May 24, 2010
Doctor Banned After Discredited Vaccine Research
The doctor who claimed there were links between vaccination and autism, which was widely discredited, was struck off Britain's medical register on Monday for professional misconduct.
Dr. Andrew Wakefield's 1998 study claimed that children vaccinated with the measles, mumps and rubella (MMR) shot was the reason for a big rise in autism cases in the United States and in parts of Europe in recent years.
A disciplinary panel of the General Medical Council (GMC) found that Wakefield had acted in a "dishonest," "misleading" and "irresponsible" way while conducing his research.
Wakefield, who now lives and works in the U.S., can no longer practice as a doctor in Britain, but can continue to work in medicine outside the U.K.
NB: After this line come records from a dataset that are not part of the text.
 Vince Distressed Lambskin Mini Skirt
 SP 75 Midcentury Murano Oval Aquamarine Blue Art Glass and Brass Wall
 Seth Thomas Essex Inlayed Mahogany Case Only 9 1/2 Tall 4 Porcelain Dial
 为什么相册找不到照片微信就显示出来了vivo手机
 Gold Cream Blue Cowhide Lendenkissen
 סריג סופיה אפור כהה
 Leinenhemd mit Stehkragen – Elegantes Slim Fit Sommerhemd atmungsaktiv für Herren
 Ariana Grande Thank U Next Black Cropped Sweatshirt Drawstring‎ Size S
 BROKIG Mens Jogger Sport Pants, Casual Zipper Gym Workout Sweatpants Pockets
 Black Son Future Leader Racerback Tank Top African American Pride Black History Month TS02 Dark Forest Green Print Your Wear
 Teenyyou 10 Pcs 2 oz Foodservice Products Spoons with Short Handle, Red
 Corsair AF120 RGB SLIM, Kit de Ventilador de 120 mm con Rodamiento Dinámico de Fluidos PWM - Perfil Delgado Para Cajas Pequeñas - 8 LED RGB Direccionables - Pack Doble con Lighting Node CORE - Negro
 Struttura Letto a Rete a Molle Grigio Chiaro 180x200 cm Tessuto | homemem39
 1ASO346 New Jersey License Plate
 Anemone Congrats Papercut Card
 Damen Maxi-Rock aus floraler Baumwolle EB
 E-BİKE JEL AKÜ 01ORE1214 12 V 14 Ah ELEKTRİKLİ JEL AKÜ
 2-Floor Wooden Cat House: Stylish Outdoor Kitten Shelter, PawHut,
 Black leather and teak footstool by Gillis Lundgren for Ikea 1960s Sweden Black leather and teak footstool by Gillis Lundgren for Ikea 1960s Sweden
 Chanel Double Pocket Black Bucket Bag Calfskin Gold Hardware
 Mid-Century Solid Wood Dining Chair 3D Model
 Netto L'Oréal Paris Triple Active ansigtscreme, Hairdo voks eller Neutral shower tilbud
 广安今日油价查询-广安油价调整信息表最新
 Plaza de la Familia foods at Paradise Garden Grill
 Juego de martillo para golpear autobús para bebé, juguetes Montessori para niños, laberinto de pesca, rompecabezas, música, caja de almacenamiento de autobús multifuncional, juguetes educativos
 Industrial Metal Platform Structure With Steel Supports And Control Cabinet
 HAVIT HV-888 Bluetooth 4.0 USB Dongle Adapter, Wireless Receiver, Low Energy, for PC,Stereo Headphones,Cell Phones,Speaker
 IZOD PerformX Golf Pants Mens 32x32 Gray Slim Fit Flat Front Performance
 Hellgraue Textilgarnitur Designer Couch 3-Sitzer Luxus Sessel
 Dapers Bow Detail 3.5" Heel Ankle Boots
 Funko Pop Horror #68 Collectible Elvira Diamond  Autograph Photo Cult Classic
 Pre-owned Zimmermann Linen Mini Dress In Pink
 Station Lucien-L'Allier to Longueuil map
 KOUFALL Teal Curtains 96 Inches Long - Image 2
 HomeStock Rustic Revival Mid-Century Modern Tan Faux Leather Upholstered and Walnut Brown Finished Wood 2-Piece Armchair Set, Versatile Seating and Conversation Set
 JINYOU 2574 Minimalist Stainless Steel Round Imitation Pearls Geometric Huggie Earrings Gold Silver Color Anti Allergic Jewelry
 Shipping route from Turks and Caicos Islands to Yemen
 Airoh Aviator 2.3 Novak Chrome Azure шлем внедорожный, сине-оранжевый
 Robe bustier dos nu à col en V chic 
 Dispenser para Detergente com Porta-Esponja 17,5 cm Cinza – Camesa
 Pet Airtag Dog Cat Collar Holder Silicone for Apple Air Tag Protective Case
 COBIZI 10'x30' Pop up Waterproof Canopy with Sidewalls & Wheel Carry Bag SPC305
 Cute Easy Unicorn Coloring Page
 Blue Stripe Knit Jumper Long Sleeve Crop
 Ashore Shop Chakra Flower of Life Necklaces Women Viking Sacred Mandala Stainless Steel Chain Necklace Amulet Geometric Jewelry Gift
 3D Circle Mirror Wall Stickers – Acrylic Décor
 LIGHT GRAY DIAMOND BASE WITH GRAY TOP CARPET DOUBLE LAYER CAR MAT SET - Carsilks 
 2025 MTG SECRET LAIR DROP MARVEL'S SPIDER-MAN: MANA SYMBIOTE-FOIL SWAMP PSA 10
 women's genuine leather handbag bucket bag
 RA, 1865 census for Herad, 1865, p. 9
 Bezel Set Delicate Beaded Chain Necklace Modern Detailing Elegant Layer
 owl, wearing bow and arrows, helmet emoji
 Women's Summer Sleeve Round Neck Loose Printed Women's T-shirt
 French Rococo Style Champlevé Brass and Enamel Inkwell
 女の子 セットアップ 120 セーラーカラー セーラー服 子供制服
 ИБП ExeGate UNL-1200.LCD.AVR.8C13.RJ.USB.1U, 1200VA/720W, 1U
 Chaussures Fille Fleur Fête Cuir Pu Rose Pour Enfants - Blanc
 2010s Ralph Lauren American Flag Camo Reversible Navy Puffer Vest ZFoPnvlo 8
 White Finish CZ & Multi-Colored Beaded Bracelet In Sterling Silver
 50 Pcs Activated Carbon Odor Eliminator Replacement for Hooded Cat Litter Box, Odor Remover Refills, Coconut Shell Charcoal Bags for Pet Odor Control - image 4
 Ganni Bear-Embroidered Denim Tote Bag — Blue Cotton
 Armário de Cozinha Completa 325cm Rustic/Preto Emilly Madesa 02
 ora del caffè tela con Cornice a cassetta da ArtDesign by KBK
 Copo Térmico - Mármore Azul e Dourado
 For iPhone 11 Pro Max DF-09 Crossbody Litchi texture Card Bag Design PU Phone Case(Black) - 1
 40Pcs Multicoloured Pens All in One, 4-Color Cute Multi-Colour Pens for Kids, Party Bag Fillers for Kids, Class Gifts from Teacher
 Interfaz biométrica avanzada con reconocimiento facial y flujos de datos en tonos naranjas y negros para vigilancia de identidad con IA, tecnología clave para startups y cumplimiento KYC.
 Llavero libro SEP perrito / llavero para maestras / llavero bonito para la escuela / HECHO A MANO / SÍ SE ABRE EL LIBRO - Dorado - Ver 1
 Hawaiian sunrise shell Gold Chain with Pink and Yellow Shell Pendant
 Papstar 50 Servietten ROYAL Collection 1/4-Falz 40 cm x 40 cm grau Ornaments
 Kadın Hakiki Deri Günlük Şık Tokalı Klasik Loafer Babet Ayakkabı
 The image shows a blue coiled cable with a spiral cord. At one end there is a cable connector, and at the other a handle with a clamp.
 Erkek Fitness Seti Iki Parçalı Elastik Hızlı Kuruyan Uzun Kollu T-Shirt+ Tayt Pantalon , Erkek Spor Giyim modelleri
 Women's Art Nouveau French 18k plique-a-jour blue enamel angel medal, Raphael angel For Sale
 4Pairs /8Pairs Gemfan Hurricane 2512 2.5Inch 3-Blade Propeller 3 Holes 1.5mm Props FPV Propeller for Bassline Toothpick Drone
His paper caused one of the biggest medical rows in a generation. It was published in The Lancet medical journal and has since been widely discredited.
"The panel has determined that Dr Wakefield's name should be erased from the medical register," the GMC said in a statement.
Wakefield failed to disclose various details about the study and had acted "country to the clinical interest" of the children involved in his research. The GMC described the failure as "dishonest and misleading."'
The statement said that pulling Wakefield off the medical register was "the only sanction that is appropriate to protect patients" and was in the wider public interest. It also said it was "proportionate to the serious and wide-ranging findings made against him."
Data released last February from England and Wales showed a rise in measles cases of over 70 percent in 2008 from the previous year, mostly caused by a fall in the number of children being vaccinated.
Wakefield has always defended his work and has accused his critics of making "unfounded and unjust" allegations.
The GMC said that his refusal to accept his mistakes means that a temporary suspension of Wakefield's license was not enough and he should be banned altogether.
"Dr Wakefield's continued lack of insight as to his misconduct serve only to satisfy the panel that suspension is not sufficient and that his actions are incompatible with his continued registration as a medical practitioner," it said.